Fairclough is also showing Absolute Pitch at the Whitstable Museum and Gallery. Five filmstrips are stretched across a darkened room, dividing the space obliquely. Each strip plays a single sustained note sung by a chorister from Gloucester Cathedral, heard alongside the rattle of the 16mm film playing through its projector. Large irregular spots of diffuse colour project onto the walls coinciding with shifts in harmony. It is a beautiful installation working on several senses at once.
Haunting and full of pathos
Rosa Ainley presents a haunting audio work of non-linear text and interview fragments about the Pfizer plant outside Sandwich. Accompanied by a ‘pamphlet’ which is more a Modernist short story evoking a dystopian mood, this is far more than oral history. The listener is drawn to construct a fascinating narrative of changing Pfizer company culture, from its local beginnings to mega-corporation. Ex-employees talk with bittersweet hindsight and some cynicism, as with growth came a controlling culture and senior management was increasingly disconnected from the concerns of long-term employees. It made me think of the human cost of globalisation.
Jeremy Millar has made a film that depicts a lone survivalist in a winter wilderness. It is full of pathos, never explaining who or where he is, or what he is doing there, a despairing inner life is revealed without a word being said. It’s all in the body language and the bleak howling of the wind. In what is becoming a recognisable style, Millar’s film runs at a stately, meditative pace, accumulating detail and mood with each frame of cracked mud, ripples on water and delicate spider’s web moving in the rain. Millar somehow manages to achieve both a hyper-realism and an impressionist landscape at the same time.

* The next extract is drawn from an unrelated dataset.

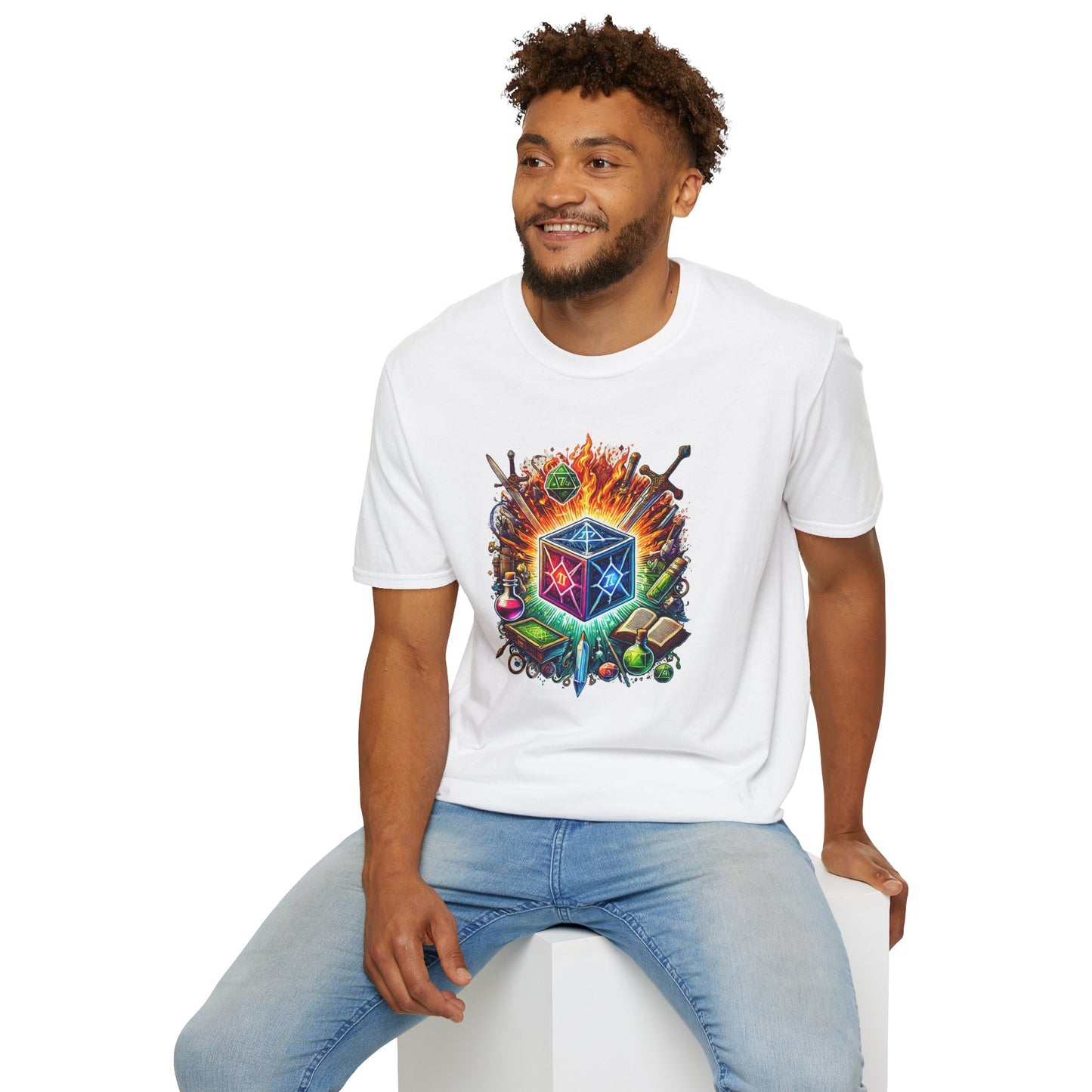 Fantasy-Themed Soft style T-Shirt with Colorful Cube Design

Now in its seventh edition, the Whitstable Biennale focuses on film and performance, although there is always a strong underlying emphasis on words and text. Its ethos is to work exclusively with emerging and mid-career artists based in the UK, providing an opportunity to make experimental work that will move their practice on. Inevitably this means taking the risk that some works are not fully developed and feel more like a work in progress.
But even where this is the case – for example, in Rachel Reupke’s Letter of Complaint, her first live performance work – there is much to enjoy in the core idea and execution. Staging three ‘tableau vivants’ held for ten minutes each with impressive self discipline, Reupke depicted power imbalances inherent in the complainant/managerial relationship. The ending though was abrupt, and the audience wasn’t sure whether to wait for more or applaud.
There was perhaps a little too much film on this first weekend, with not enough performance or sculptural installations to break up the visitor experience. But this biennale has always varied the programme for each weekend, with one-off performances and talks programmed throughout.
Treats coming up include Zatorski + Zatorski and Richard Wilson with a condensed version of their 2013 work, A Ships’ Opera – a live concerto of ships’ steam whistles, bells, horns, hooters, flares and sirens, mounted on a flotilla of ships off Whitstable Harbour (21 June). S Mark Gubb performs It all began with Richard Burton… on 15 June, a performance lecture on a coach tour of his native East Kent. And there are several opportunities to participate in Ben Judd’s performance work Vast as the Dark of Night and as the Light of Day, taking place for 12 people at a time on a barge at sea (14 and 15 June).
If that isn’t enough to tempt you to Kent’s south coast over the next two weeks, the Whitstable Satellite features work from over 90 artists in a variety of town locations.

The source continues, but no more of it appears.